Dann sollte es doch wenigstens so sein, dass man halt mit mehr Leben und mehr Angriffskraft die Bosse erledigt, die am Anfang des Spiels noch zu schwer waren, oder? Pustekuchen: ab einem bestimmten Punkt im Spiel gibt es kein Backtracking mehr, das Schnellreise-Feature ist, warum auch immer, plötzlich abgeschafft, man sitzt in einer Sackgasse. Game-Design aus dem alten Japan.
Wer trotz stundenlangem Grinden bei »Darksouls« oder »Bloodbourne« trotzdem nicht weiterkam, der oder die hoffte auf die Stärke des Internets. Es war ein essentieller Teil dieser Spiele, sich Hilfe von anderen SpielerInnen zu holen. Einfach ein sogenanntes »Summon Sign« auf den Boden gelegt und schon dauerte es nicht lange, ehe tapfere MitstreiterInnen zur Unterstützung eilten. Wer das nicht wollte, musste es ja auch nicht anwenden. Warum »From Software« dieses Feature für »Sekiro« also einfach über den Jordan hat gehen lassen, ist mir persönlich ein Rätsel.
Spiel erleben? Vergiss es!
Was mich aber besonders an »Sekiro« und seinem Schwierigkeitsgrad stört, sind die Diskussionen darum. Denn so wie mir ging es natürlich auch vielen anderen Videospielern. Dabei spalten sich die Lager in zwei Teile.

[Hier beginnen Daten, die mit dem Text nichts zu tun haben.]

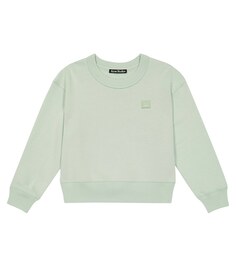 Толстовка Mini Fairah Face из хлопка Acne Studios, зеленый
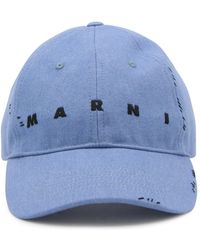 Marni - Blue Cotton Denim Baseball Cap - Lyst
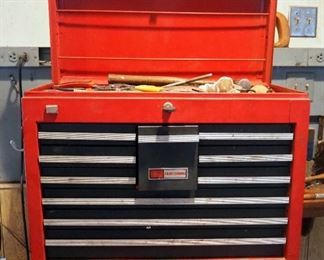 Craftsman 10 Drawer Tool Box, Including Screwdrivers, Pliers, Allen Wrenches, Standard Wrenches, Driver Sets, And More, 18" x 26" x 12"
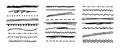 Scribble black crayon lines vector set. Chalk underline lines. Charcoal texture lines set. Grunge black horizontal lines Royalty Free Stock Photo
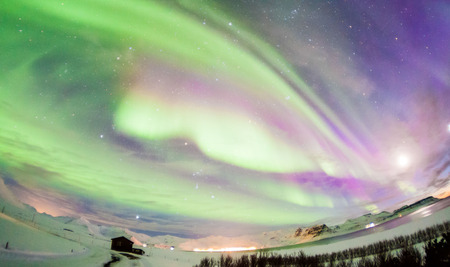Aurora Borealis or better known as The Northern Lights for background view in Iceland, Reykjavik during winterの写真素材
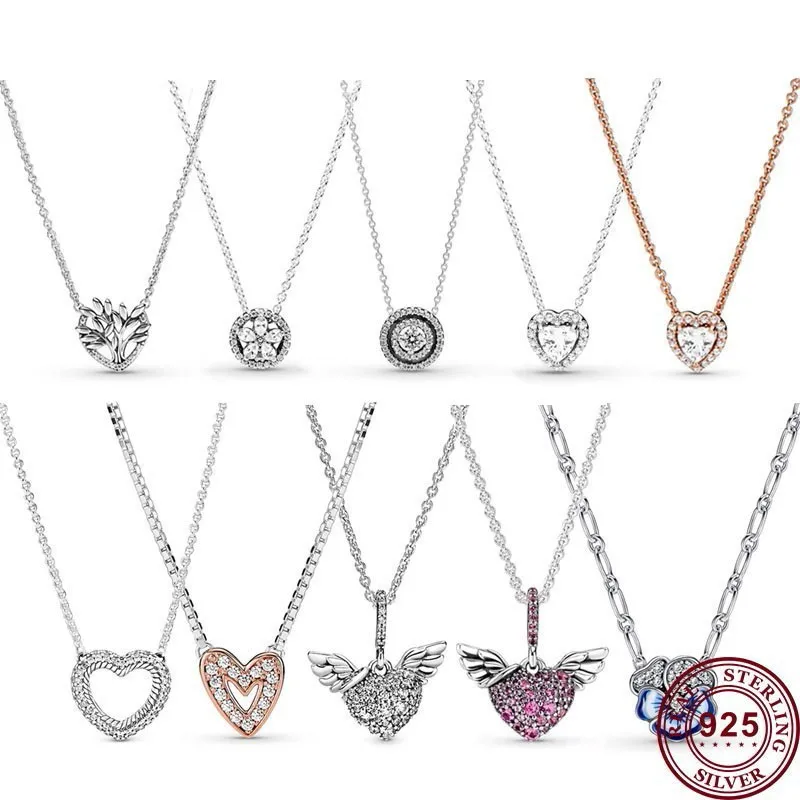 

New Hot 925 Silver Glittering Angel Eternal Hand-painted Love Heart Women's Necklace Wedding High-quality DIY Charm Jewelry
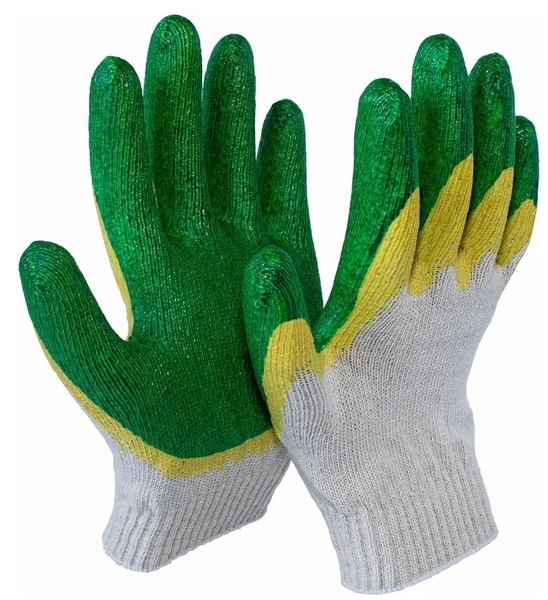 Перчатки ХБ с латексом, двойной облив ладони латексом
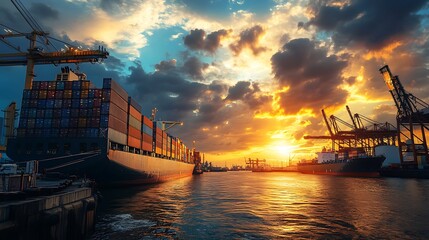 Naklejka premium Cargo ship at sunset port. Global trade and logistics concept.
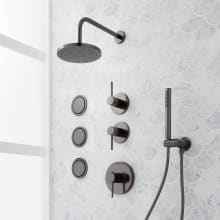 Lexia Thermostatic Shower System with Rain Shower Head, Hand Shower, Hose, 3 Bodysprays, Valve Trim and Diverter - Rough In Included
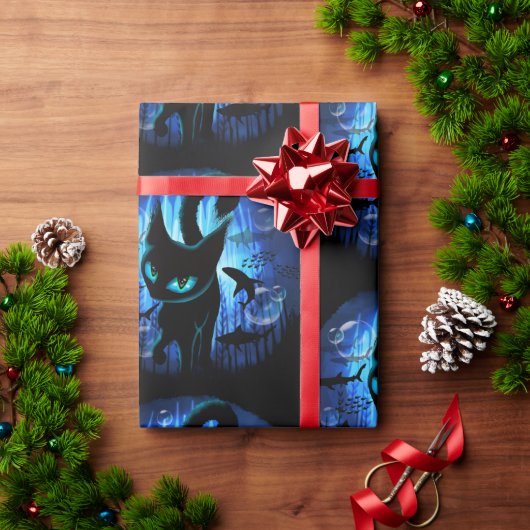 Aquaticat - Surreal Cat in Deep Ocean Fantasy Cadeaupapier (Feestdagen Geschenken)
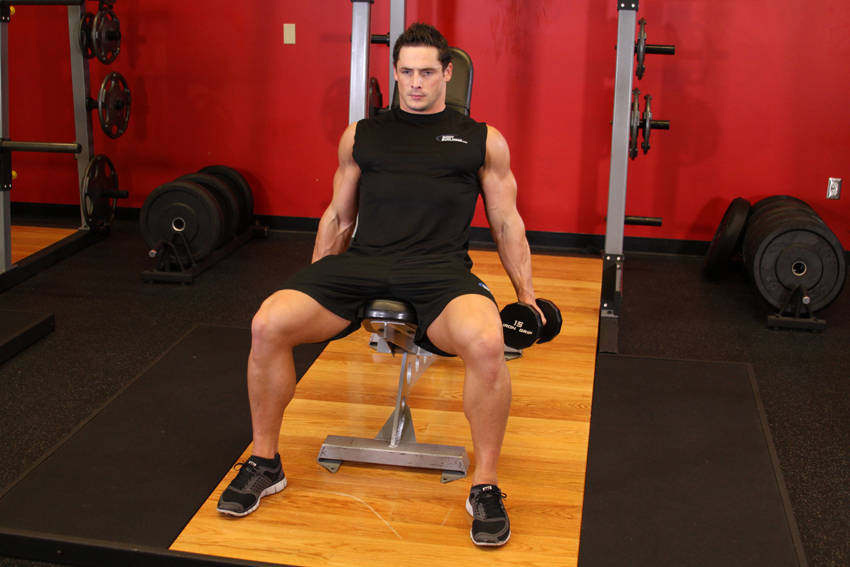 Flexor Incline Dumbbell Curls — başlangıç pozisyonu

Das Erlebnis-Lager, das dafür plädiert, eine Option einzubauen, die es jedem ermöglicht, das Spiel in seiner Fülle erleben zu dürfen. Beispielsweise durch eine verlängerte Lebensanzeige oder schwächere Gegner. Und das Hardcore-Lager, das darauf besteht, nur einen Schwierigkeitsgrad zu haben. Wer den nicht schafft, für den wäre das Spiel eben nichts. Das stört mich. Ich will »Sekiro« erleben, weil es ein tolles Spiel ist, weil es eine packende Atmosphäre und eine fantastische Story hat. Mir das zu verweigern, nur weil ich entweder nicht fähig genug bin oder nicht die Geduld und Motivation habe, so viel Zeit in Training zu stecken, ist einfach nur arrogant. Niemand bricht sich einen Zacken aus der Krone, wenn er oder sie in sein Spiel eine Option einbaut, die es allen möglich macht, den Abspann zu sehen. Denn das ist doch das einzige, was ich sehen will. Das Ende der Story, Happy End oder nicht, die Credits. Aber ich kann nicht mehr.
»Sekiro«, entwickelt von FromSoftware, ist via Activision für PlayStation®4, Xbox One und PC (Steam) erschienen.